SUPPLIED INFORMATION:

- Opening Delimiter -

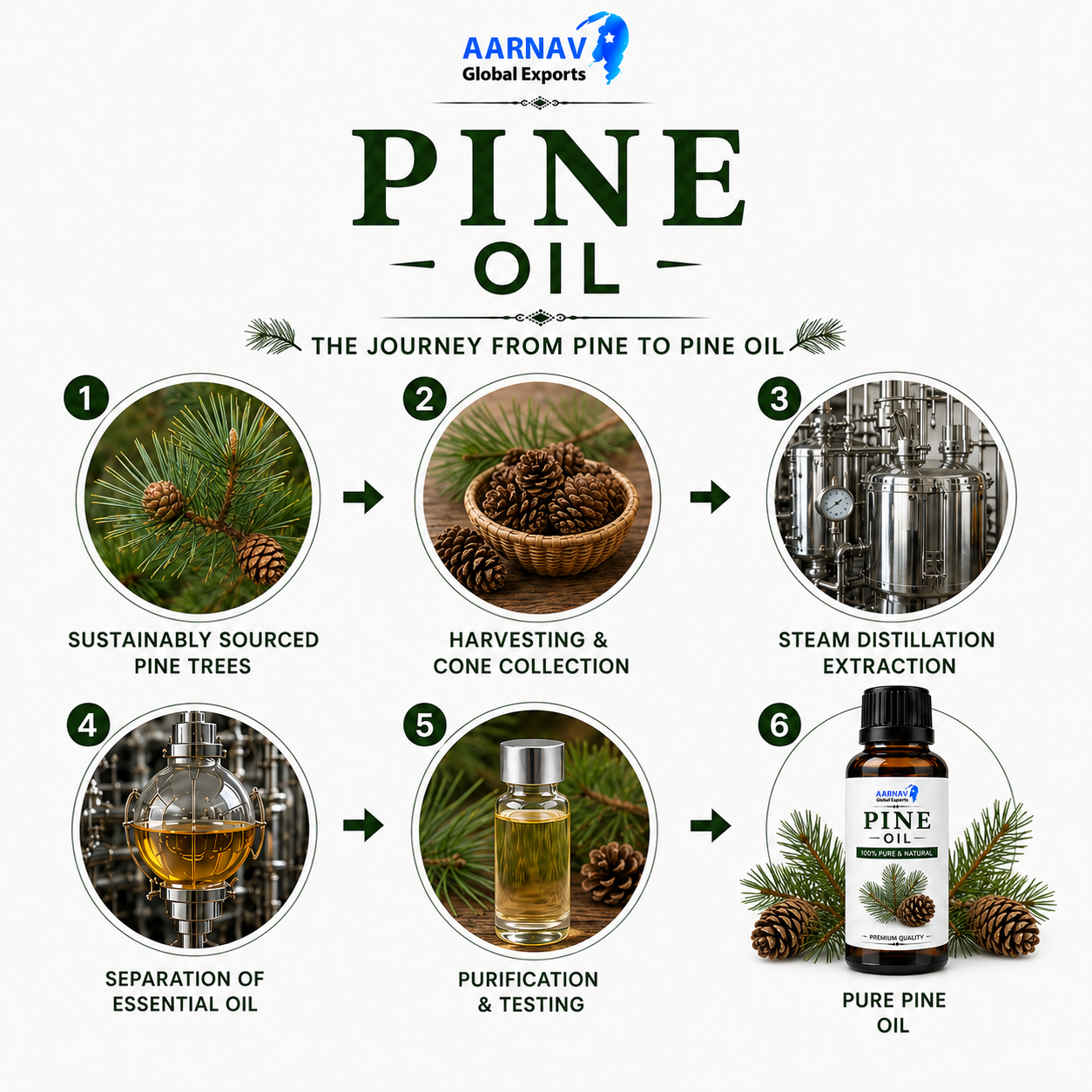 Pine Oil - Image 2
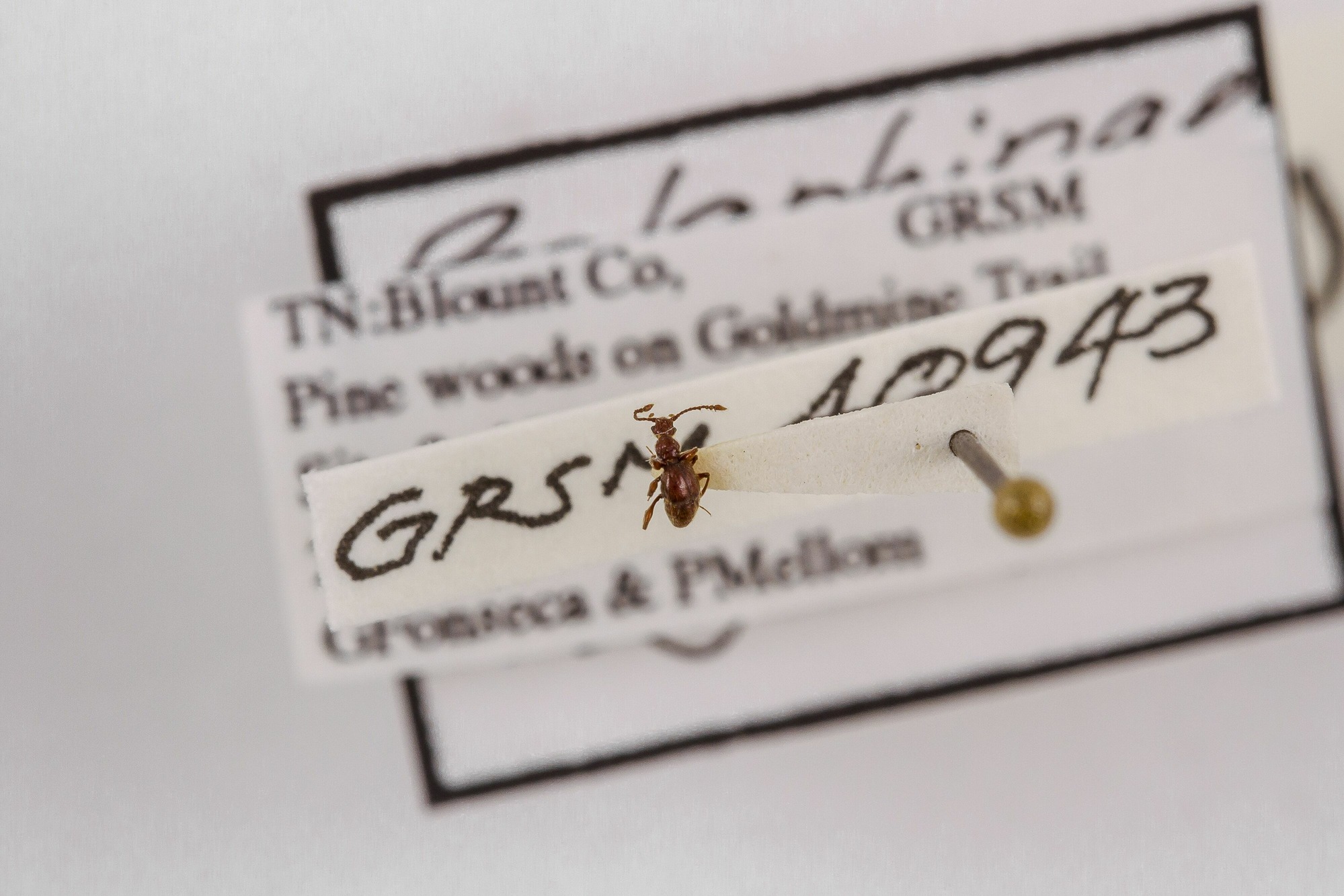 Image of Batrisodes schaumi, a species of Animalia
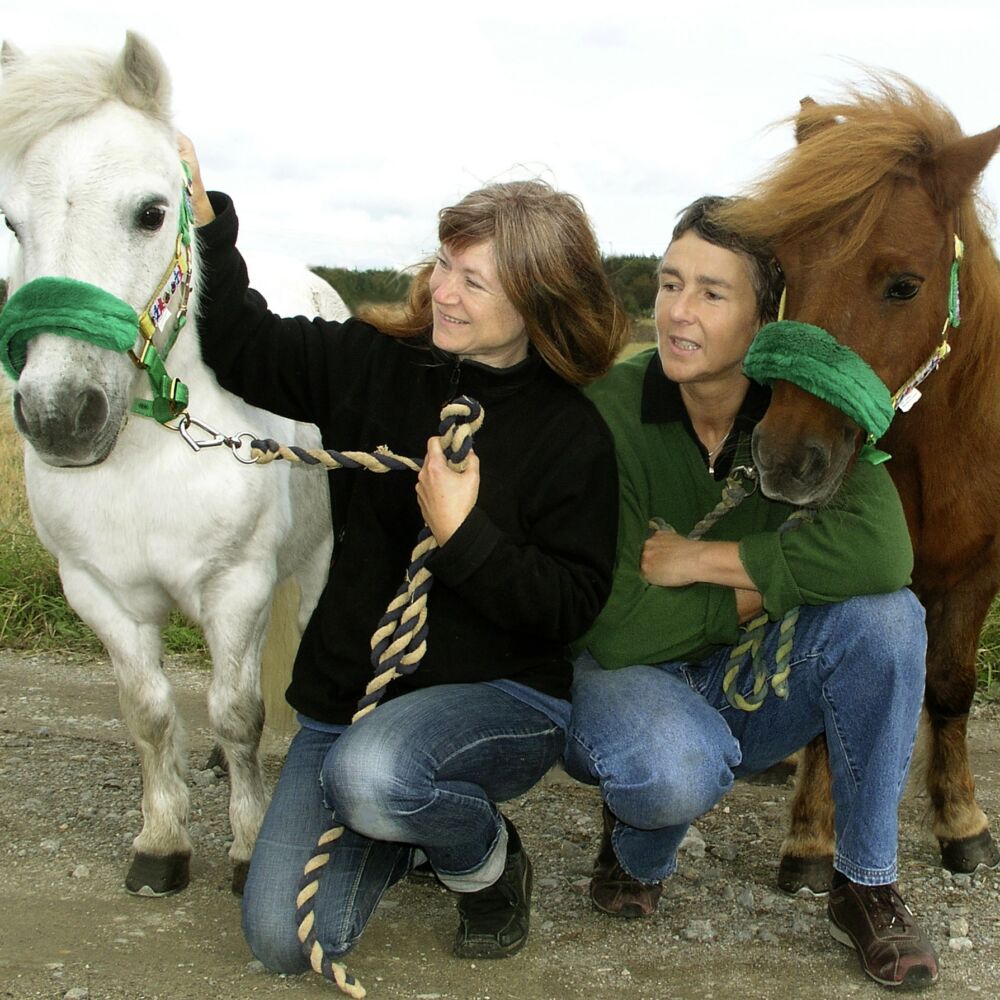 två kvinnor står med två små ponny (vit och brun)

- Closing Delimiter -
- Opening Delimiter -

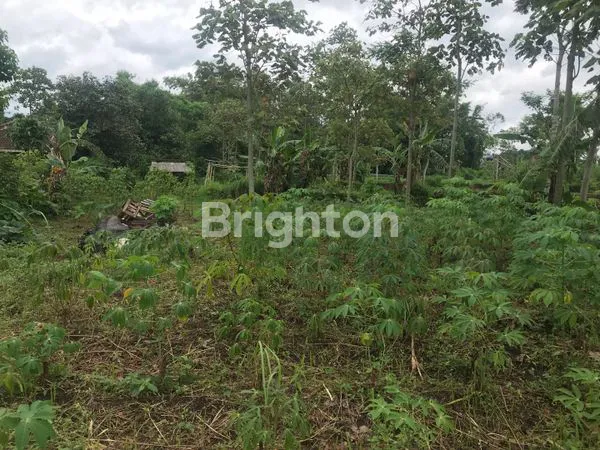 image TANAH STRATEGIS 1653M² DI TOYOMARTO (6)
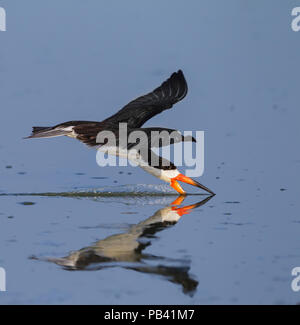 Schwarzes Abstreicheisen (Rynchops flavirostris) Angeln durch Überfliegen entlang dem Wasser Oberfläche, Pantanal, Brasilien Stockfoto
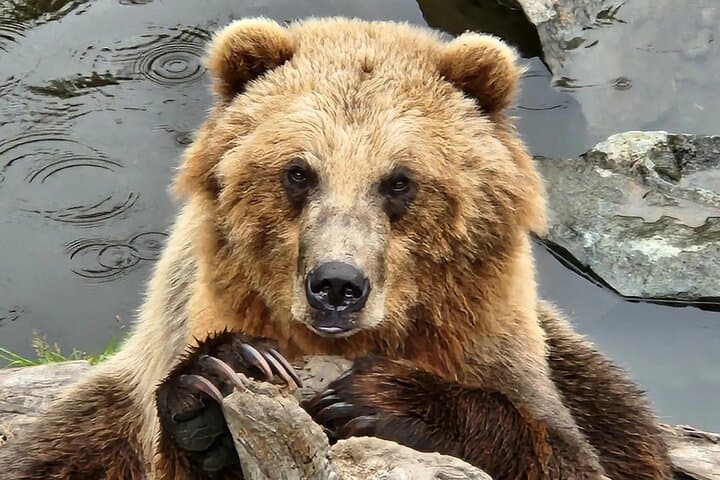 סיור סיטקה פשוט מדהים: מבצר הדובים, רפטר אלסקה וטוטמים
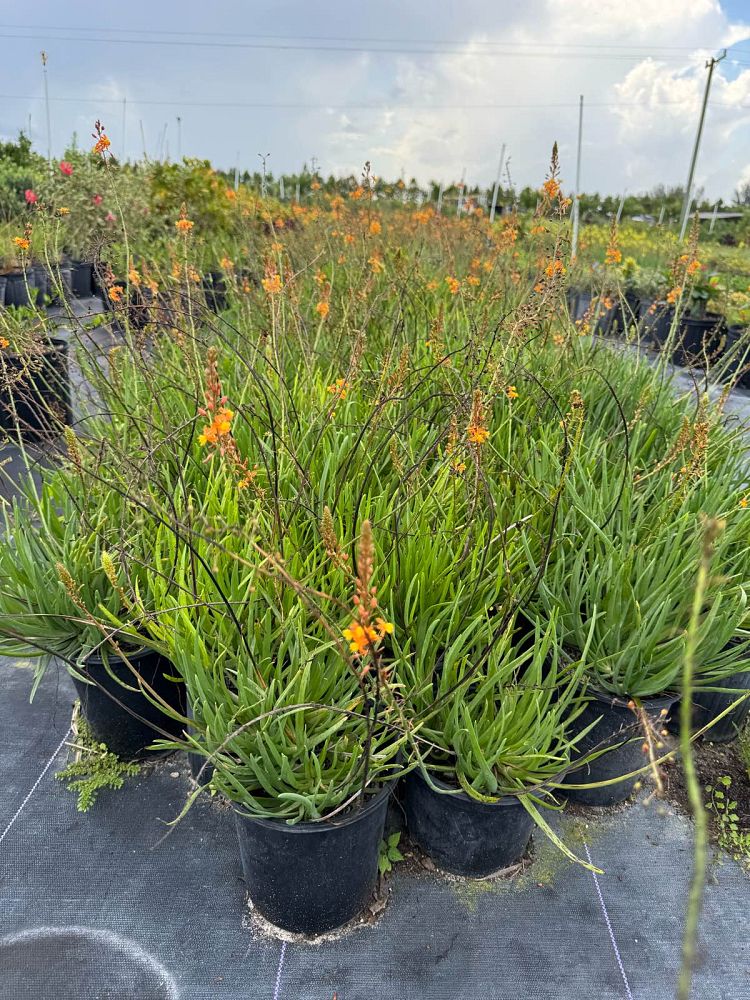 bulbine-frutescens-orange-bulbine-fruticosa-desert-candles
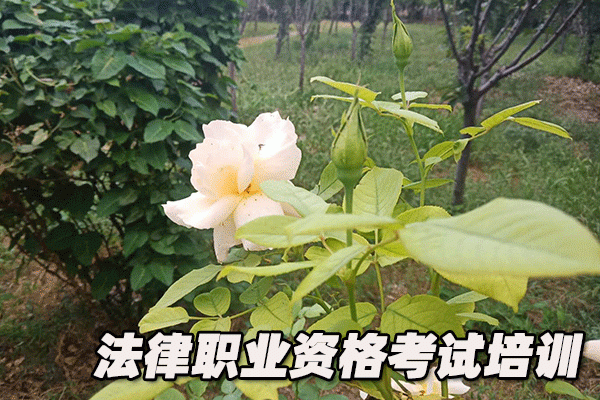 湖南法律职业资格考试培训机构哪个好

- Closing Delimiter -

EXERCISE INSTRUCTIONS: In the records above, everything from the line with "Pine Oil - Image 2" down to the line with "två kvinnor står" must be duplicated exactly, both lines kept. Leave no pictures in.

REPLY TO THE EXERCISE:
 Pine Oil - Image 2
 Image of Batrisodes schaumi, a species of Animalia
 två kvinnor står med två små ponny (vit och brun)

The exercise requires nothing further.